Postby emmauk7 » Mar 31, 2005 11:17 am

Despite only being two months into our first pregnancy, we have decided that, all being well with our baby, we are never going to conceive again.
My husband has been broken these last few weeks, utterly desperate and left feeling hopeless. He does eveything he can, yet has said he feels he cannot do enough. I hate to see him this way and I hate that I can do nothing to help him.
I feel I have lost myself through all this, my husband says he feels he has lost his sweetheart, only gets a glimmer of her when I'm wired up to a drip in the hospital room. He says he took a vow to love and protect me, yet there is nothing he can do to protect me from this.
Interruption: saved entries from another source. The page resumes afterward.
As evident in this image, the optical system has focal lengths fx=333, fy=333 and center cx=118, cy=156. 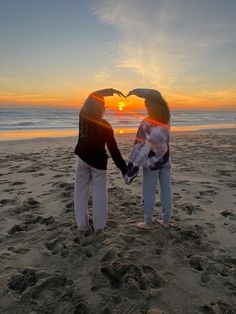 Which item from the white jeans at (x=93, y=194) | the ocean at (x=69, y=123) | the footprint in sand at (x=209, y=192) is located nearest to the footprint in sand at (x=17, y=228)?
the white jeans at (x=93, y=194)

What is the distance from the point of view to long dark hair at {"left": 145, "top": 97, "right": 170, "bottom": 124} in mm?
4652

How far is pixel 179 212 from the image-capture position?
5902mm

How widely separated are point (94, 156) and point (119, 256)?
1453 mm

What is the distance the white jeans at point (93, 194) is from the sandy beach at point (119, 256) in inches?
7.8

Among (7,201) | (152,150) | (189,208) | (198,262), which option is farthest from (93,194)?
(7,201)

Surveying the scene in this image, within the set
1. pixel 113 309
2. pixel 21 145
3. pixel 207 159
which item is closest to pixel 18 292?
pixel 113 309

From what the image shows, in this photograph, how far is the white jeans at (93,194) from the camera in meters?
4.88

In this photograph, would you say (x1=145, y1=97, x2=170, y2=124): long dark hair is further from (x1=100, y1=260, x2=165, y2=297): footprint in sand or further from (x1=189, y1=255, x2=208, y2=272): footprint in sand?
(x1=100, y1=260, x2=165, y2=297): footprint in sand

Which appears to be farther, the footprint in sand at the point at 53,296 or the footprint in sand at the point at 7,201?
the footprint in sand at the point at 7,201

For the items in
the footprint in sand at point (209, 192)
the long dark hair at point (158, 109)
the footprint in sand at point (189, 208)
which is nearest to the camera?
the long dark hair at point (158, 109)

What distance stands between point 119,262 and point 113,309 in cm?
73

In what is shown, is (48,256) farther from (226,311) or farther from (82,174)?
(226,311)

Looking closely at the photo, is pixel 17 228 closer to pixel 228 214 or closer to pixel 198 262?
pixel 198 262

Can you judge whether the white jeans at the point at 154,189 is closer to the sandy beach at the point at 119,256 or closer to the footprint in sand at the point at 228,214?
the sandy beach at the point at 119,256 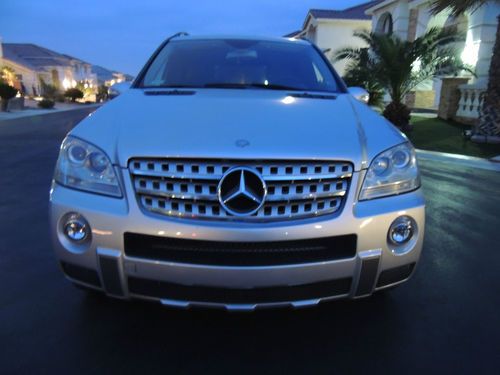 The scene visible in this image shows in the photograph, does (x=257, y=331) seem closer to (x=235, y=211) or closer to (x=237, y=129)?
(x=235, y=211)

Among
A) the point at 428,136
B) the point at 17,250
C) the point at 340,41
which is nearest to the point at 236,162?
the point at 17,250

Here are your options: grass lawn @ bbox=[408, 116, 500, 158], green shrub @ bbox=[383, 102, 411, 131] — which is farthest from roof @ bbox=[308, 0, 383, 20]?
green shrub @ bbox=[383, 102, 411, 131]

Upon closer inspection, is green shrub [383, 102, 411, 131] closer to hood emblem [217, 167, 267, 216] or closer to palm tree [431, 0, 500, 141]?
palm tree [431, 0, 500, 141]

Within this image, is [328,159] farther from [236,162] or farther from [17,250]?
[17,250]

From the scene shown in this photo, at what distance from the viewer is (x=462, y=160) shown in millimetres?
9242

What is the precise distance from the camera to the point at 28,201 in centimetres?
531

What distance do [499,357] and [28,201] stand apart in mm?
4968

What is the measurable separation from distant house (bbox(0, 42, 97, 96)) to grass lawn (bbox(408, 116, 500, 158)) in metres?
41.0

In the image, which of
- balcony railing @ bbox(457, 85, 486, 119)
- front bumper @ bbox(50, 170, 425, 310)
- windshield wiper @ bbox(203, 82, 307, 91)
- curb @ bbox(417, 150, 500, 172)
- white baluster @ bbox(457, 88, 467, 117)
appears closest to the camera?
front bumper @ bbox(50, 170, 425, 310)

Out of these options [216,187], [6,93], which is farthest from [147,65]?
[6,93]

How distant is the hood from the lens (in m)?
2.17

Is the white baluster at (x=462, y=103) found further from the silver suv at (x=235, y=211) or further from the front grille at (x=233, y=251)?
the front grille at (x=233, y=251)

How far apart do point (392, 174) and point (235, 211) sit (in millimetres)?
863

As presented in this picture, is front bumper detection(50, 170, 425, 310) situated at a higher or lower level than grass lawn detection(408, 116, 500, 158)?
higher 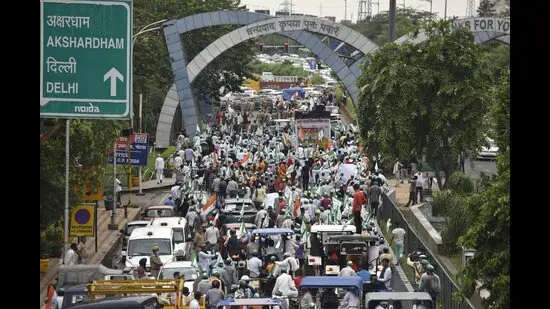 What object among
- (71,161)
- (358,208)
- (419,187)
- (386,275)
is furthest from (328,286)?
(419,187)

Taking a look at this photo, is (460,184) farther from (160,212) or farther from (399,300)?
(399,300)

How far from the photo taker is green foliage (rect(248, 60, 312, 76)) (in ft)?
500

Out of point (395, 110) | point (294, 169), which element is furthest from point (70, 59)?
point (294, 169)

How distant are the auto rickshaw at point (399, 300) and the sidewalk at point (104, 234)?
7.96 meters

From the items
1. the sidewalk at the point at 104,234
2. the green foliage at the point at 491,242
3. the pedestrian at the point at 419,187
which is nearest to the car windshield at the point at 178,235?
the sidewalk at the point at 104,234

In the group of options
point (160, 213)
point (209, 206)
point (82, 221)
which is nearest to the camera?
point (82, 221)

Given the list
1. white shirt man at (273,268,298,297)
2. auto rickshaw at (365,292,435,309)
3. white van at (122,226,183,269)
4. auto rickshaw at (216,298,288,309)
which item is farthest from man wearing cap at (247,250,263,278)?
auto rickshaw at (365,292,435,309)

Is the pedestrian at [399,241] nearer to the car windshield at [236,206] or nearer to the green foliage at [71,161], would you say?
the car windshield at [236,206]

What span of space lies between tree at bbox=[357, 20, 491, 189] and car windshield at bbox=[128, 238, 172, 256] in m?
11.7

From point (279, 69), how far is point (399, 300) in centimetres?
13652

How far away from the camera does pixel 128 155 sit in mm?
39406

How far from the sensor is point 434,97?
3722 cm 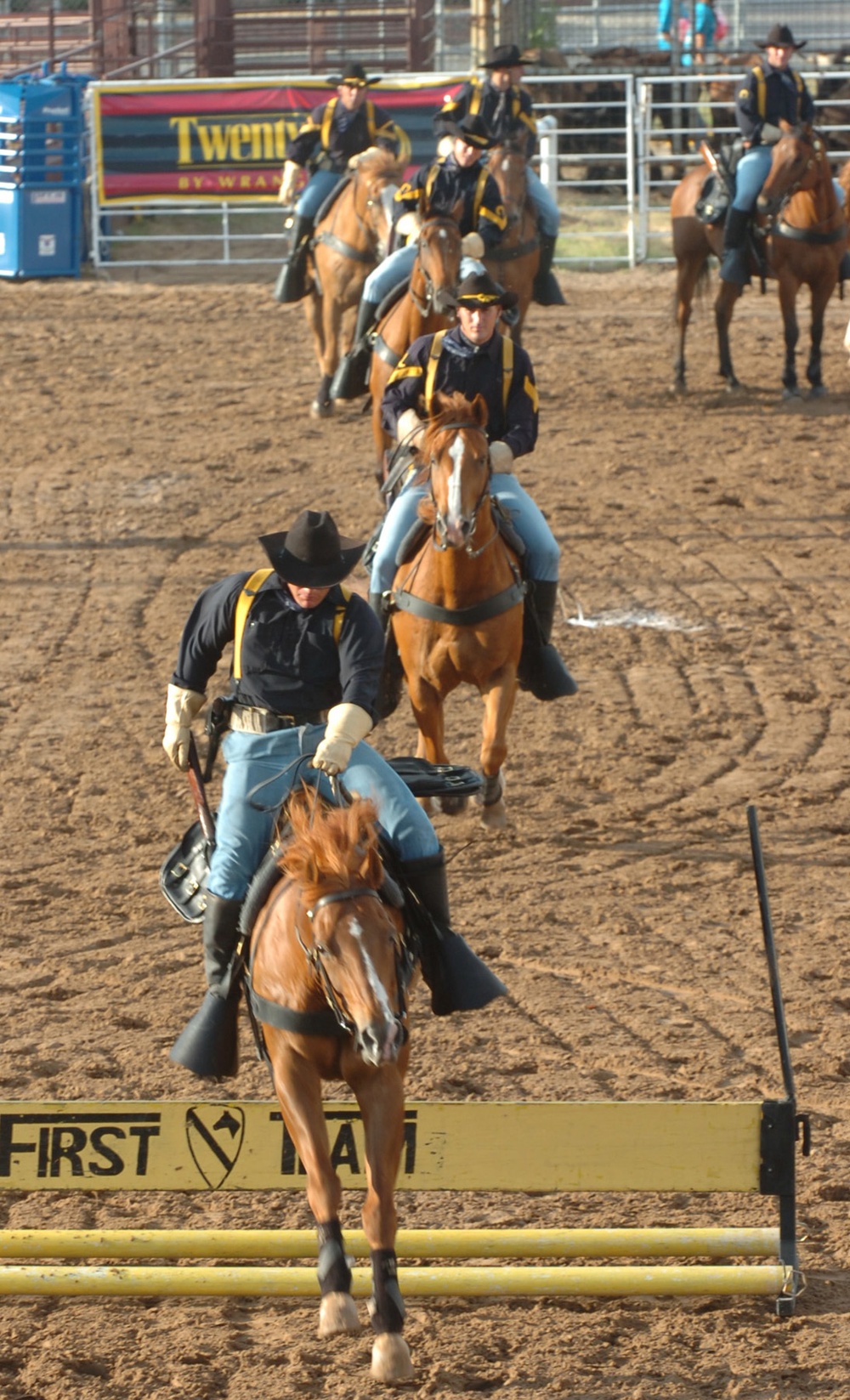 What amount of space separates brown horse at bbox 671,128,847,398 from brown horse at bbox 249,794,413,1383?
12.4m

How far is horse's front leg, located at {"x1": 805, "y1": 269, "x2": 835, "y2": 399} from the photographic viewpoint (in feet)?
54.8

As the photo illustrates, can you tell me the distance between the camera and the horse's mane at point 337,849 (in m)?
4.96

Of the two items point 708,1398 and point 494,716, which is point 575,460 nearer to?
point 494,716

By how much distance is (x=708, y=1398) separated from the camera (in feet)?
16.4

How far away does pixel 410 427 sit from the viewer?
9258mm

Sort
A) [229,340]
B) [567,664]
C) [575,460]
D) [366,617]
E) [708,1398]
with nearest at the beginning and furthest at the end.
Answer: [708,1398] → [366,617] → [567,664] → [575,460] → [229,340]

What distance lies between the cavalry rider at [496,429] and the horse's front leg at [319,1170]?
4029 millimetres

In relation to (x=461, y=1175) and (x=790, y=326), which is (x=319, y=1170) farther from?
(x=790, y=326)

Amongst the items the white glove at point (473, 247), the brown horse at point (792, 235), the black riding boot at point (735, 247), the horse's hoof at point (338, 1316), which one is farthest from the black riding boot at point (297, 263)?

I go to sleep and dream about not being sick for heavens sake! I know people keep saying to me that 40 weeks is a small amount of time to be ill for the massive reward at the end of it, something which I agree with but it isnt just "being ill", as you all know. The stress, emotions, heartache are overpowering and all consuming. Wondering why other people pop babies out like a bubblegum machine throws out gum, when you are left sick, aching, tired and miserable day after day. Seeing other people "bloom" through pregnancy when the closest thing you get to a "bloom" is the stain on the carpet after a missing your sick bowl.
So, we decided, we're going to have just the one child and love him/her like the major achievement he/she is. One person who we fought for, every day, every night for nearly nine months.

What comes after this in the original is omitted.